[Records from a collection]
* * * * * * *
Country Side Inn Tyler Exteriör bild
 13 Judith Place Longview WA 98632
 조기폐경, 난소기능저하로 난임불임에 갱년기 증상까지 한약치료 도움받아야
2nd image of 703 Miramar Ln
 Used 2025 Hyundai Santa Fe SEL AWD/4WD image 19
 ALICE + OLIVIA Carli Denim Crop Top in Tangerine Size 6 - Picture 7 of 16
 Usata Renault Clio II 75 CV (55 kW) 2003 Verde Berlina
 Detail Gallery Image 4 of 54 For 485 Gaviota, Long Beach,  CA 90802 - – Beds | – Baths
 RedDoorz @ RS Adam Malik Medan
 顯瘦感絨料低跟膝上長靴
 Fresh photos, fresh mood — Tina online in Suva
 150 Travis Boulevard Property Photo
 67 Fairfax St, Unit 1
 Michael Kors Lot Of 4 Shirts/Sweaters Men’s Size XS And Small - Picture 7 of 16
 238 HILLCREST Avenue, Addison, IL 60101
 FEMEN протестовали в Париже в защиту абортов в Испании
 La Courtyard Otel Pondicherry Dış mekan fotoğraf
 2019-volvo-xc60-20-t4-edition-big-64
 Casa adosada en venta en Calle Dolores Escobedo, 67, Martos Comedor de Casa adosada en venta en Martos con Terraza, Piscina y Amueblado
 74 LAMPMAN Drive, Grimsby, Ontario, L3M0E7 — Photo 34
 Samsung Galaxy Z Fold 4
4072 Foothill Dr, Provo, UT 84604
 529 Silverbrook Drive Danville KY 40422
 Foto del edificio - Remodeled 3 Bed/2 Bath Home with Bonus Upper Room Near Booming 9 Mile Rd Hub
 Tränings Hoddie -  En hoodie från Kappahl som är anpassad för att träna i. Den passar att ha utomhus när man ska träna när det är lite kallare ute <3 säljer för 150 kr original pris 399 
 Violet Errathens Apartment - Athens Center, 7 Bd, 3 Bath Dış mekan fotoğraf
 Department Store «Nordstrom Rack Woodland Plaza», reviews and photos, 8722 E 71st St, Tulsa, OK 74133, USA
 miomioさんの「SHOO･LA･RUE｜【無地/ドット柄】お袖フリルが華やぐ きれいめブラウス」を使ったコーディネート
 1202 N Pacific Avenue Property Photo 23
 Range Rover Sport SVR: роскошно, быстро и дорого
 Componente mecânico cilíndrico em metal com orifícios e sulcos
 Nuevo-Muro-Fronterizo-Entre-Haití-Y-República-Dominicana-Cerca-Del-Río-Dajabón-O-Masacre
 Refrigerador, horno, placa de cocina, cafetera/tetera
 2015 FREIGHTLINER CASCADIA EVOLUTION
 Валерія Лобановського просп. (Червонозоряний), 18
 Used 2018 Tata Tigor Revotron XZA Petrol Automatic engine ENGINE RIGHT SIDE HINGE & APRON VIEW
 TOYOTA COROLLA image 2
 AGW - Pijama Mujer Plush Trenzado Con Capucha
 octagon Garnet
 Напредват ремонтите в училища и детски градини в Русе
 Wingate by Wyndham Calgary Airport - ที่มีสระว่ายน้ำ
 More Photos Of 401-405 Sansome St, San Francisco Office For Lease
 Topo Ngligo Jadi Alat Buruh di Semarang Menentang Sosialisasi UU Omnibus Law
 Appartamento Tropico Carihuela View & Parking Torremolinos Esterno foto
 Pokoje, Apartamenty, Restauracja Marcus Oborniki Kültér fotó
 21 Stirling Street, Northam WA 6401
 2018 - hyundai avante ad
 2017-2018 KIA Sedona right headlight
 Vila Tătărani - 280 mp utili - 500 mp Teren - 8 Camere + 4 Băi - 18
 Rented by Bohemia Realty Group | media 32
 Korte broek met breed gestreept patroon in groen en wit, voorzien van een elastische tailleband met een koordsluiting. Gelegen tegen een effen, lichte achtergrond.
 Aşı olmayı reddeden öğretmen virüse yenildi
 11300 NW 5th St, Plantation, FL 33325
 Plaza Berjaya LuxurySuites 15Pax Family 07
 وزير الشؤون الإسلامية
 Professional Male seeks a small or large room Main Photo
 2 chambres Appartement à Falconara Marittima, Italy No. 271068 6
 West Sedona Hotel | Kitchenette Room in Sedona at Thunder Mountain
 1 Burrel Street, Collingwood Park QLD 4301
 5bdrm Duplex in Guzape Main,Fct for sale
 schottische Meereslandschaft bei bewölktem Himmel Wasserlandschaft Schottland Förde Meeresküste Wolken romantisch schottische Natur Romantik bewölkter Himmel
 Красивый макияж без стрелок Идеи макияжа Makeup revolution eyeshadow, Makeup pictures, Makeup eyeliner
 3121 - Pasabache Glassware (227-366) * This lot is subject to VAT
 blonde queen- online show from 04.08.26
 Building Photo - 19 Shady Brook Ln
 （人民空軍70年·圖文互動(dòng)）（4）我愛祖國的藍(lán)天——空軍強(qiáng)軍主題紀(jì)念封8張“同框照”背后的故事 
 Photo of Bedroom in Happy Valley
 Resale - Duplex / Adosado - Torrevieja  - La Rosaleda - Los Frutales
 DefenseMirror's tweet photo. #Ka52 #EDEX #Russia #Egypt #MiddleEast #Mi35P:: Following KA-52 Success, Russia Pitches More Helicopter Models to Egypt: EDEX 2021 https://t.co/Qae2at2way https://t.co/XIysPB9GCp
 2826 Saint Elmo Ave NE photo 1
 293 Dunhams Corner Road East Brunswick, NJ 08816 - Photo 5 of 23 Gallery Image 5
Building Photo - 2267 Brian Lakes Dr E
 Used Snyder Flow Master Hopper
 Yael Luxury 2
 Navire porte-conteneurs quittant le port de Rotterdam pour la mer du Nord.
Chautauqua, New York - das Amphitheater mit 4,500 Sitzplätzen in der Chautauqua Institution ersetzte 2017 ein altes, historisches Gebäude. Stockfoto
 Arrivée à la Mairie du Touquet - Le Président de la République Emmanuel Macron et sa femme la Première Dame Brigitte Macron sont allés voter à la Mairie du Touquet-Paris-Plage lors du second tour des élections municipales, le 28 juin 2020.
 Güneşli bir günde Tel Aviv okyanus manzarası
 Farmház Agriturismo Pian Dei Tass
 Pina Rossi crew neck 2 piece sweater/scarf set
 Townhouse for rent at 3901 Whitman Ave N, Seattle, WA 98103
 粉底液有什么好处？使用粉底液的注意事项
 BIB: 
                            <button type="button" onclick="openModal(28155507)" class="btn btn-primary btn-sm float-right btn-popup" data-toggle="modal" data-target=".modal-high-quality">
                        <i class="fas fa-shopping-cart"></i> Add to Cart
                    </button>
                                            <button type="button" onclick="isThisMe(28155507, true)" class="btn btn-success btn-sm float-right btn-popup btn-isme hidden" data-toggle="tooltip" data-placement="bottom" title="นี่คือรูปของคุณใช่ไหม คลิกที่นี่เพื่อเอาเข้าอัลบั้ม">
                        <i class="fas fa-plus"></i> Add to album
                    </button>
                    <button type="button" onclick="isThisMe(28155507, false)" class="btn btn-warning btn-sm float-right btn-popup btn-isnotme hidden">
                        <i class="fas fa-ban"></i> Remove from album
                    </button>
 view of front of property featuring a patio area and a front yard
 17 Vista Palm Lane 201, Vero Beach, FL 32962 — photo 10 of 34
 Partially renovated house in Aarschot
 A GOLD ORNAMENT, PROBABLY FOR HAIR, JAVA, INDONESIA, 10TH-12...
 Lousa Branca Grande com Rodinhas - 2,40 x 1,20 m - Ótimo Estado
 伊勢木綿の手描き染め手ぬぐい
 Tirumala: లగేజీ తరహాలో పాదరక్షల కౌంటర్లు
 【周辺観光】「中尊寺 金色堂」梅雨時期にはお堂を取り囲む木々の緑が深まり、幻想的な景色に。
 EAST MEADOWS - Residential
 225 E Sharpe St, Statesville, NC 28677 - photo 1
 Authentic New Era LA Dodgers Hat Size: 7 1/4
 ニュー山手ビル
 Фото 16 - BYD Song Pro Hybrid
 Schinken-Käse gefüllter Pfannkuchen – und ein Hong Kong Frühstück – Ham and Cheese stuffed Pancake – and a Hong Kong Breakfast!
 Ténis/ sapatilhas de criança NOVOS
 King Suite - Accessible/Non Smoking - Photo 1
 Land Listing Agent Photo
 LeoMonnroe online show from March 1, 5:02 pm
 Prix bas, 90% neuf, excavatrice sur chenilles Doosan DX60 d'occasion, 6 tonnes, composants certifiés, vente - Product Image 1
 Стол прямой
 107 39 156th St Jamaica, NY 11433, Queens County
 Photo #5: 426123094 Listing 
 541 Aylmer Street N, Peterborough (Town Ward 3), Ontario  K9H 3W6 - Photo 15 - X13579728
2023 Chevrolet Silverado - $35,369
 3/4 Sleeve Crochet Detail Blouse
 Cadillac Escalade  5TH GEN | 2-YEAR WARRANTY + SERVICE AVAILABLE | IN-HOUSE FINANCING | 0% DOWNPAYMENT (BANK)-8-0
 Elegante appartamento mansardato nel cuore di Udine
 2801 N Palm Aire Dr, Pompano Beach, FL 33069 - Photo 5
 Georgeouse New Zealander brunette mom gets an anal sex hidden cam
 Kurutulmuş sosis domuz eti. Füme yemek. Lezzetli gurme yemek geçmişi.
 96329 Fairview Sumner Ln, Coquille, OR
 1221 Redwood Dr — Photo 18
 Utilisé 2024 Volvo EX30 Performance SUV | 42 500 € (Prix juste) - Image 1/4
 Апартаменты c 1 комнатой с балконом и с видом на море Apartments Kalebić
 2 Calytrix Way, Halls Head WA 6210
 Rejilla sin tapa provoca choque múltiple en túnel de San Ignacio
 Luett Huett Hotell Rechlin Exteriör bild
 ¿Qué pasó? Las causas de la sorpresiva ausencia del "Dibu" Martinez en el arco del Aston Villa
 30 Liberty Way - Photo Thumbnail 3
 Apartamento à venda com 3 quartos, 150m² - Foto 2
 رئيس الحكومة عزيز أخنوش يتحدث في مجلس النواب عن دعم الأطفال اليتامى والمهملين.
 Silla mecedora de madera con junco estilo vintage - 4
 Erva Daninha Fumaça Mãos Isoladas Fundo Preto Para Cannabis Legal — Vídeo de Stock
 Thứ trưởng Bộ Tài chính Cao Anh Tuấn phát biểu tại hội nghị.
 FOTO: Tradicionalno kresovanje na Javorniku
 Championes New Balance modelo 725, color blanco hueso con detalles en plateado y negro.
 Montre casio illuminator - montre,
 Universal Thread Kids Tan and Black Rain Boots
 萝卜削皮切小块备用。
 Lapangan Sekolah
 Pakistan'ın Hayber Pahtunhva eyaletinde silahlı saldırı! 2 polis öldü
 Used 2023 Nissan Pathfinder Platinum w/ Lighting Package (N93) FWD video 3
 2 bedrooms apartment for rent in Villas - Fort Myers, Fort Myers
* * * * * * *
For each line above that includes the word "Gallery", make a copy of that line.

 Detail Gallery Image 4 of 54 For 485 Gaviota, Long Beach,  CA 90802 - – Beds | – Baths
 293 Dunhams Corner Road East Brunswick, NJ 08816 - Photo 5 of 23 Gallery Image 5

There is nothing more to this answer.